Described by his mother as a man who deeply loved his family and his
country, Riggs had written home from Saudi Arabia, "There’s
no way I’m going to die in this rotten country. With the Lord’s
grace and his guidance, I’ll walk American soil once again."
But before that letter even arrived, while Riggs was moving his wife
and three-year-old daughter to a new apartment, five shots rang out
and witnesses heard the sound of screeching tires. Some faceless thug
had killed him just to get his car. "His wife, Toni, found him
dying in a gutter," the Post reported.
TV newscasts showed Mrs. Riggs sobbing. She had warned her husband
that there had been a shooting on the street earlier in the day, but
he wouldn’t listen. "He said he’d just got back from
having missiles flying over his head, and a few shots weren’t
going to bother him," according to Toni’s aunt, quoted in
the Los Angeles Times. That of course was the larger point, or as the
Post put it, "Riggs’s death was a tragic reminder of President
Bush’s words recently when he announced a new crime bill: ‘Our
veterans deserve to come home to an America where it is safe to walk
the streets’."
Oops, Wrong Story
From the point of view of journalists and editors an ideal crime story-that
is, the sort that deserves major play and is sure to hold readers’
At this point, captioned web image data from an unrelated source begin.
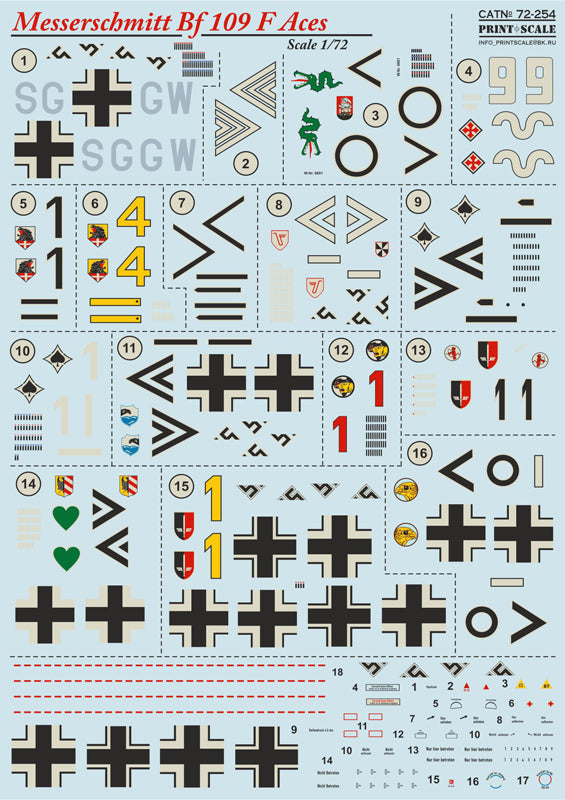 Print Scale 72254 1:72 Messerschmitt Bf-109F Aces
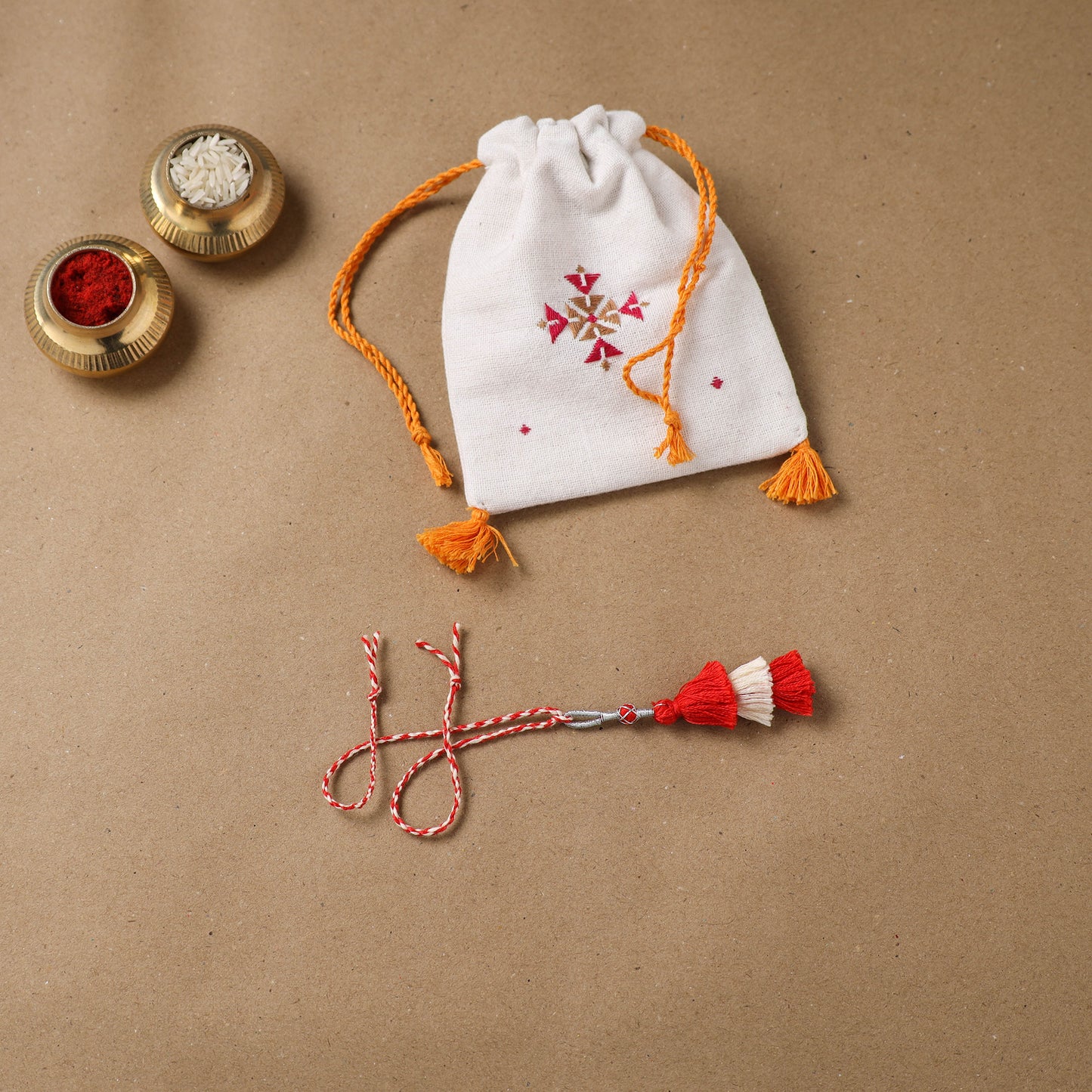 Anant Raksha Thread Work Lumba Rakhi with Soof Hand Embroidered Potli 45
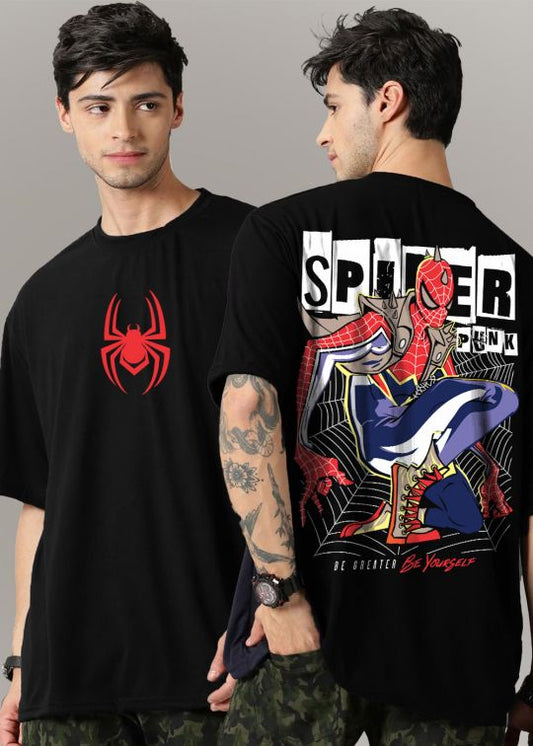 Spider Punk Black Oversized T-Shirt For Men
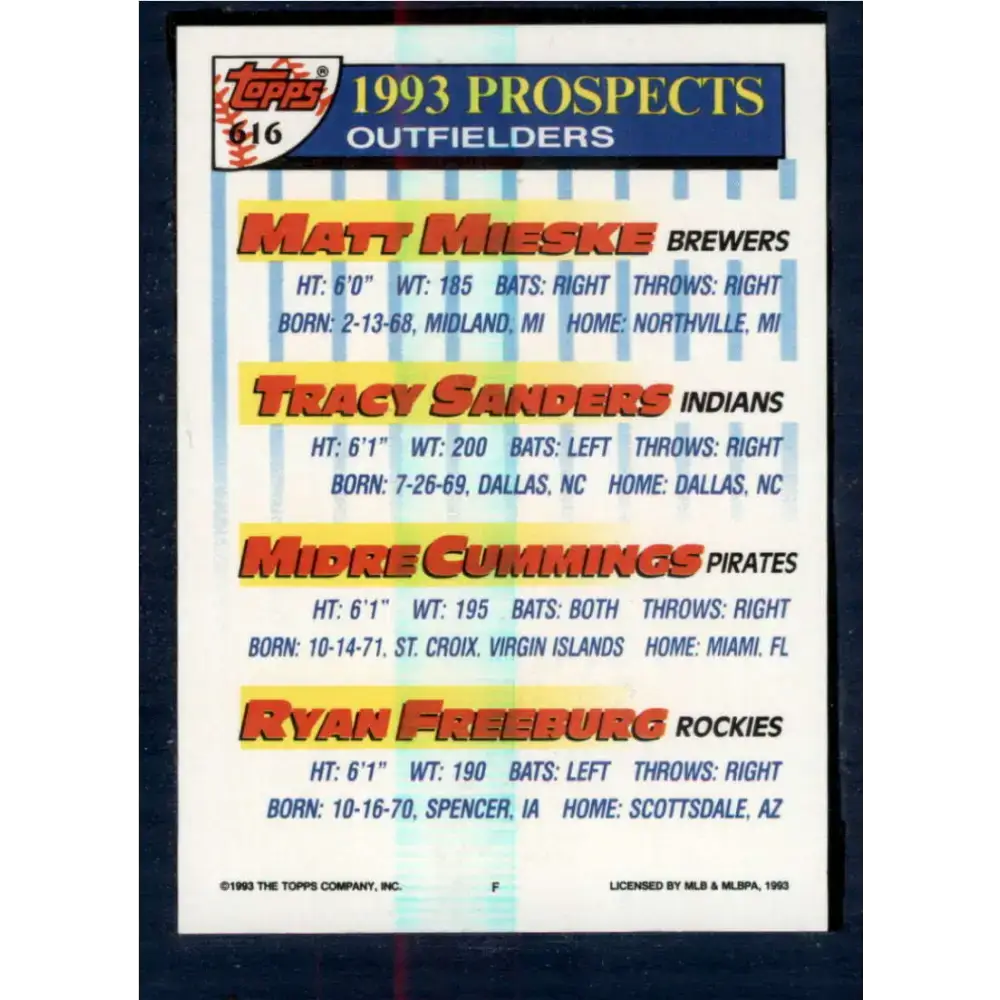 1993 Topps #616 Matt Mieske/Tracy Sanders/Midre Cummings/Ryan Freeburg NM-MT RC Rookie Milwaukee Brewers/Cleveland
and viewers’ attention-has several elements that distinguish
it from other acts of violence. The victims are innocent, likable people;
the perpetrator is an uncaring brute. Details of the crime, while shocking,
are easy to relay. And the events have social significance, bespeaking
an underlying societal crisis.
The murder of Anthony Riggs seemed to have it all. The only problem
was, very little of this perfect crime story was true. Reporters named
the right victim but the wrong perpetrator, motive, and moral.
It was the massive media attention, ironically, that resulted in the
real story coming out. Confronted with demands from politicians and
citizen groups to catch Riggs’s killer, the Detroit police launched
an all-out investigation. While digging through garbage cans around
the Conley Street neighborhood, an officer came upon a handgun that
turned out to belong to Michael Cato, the brother of Riggs’s wife,
Toni. Nineteen years old at the time and currently serving a life sentence
for murder, Michael said in a confession that his sister had promised
him a share of $175,000 in life insurance benefits.
Reporters cannot be blamed for failing to possess this information
prior to its discovery by the police, but had they been a little skeptical
or made a few phone calls they almost certainly would have stumbled
on at least some aspects of the truth. They might have learned, for
example, that Toni had been making noises about dumping Anthony for
some time, or that it was she who arranged a hefty life insurance policy
for her husband before he went off to war. Reporters might also have
checked into Mrs. Riggs’s past and discovered previous irregularities,
such as the fact that she had not yet divorced her previous husband
when she married Anthony.
Journalists also might have discovered the existence of a letter Riggs
wrote to his mother from Saudi Arabia. "Toni has wrecked my car.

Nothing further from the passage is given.